Supplied records:
- - -
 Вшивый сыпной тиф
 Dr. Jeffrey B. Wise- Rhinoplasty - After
- - -
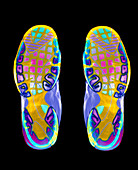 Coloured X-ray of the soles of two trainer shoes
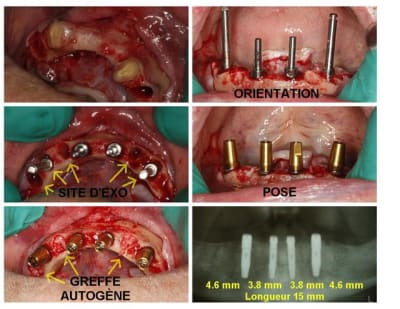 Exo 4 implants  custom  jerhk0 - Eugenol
- - -
Action item:
Beginning at the line above with "Вшивый сыпной тиф" and finishing at the line with "Dr. Jeffrey B. Wise- Rhinoplasty - After", return each line exactly and return nothing else.

Answer to this exercise:
 Вшивый сыпной тиф
 Dr. Jeffrey B. Wise- Rhinoplasty - After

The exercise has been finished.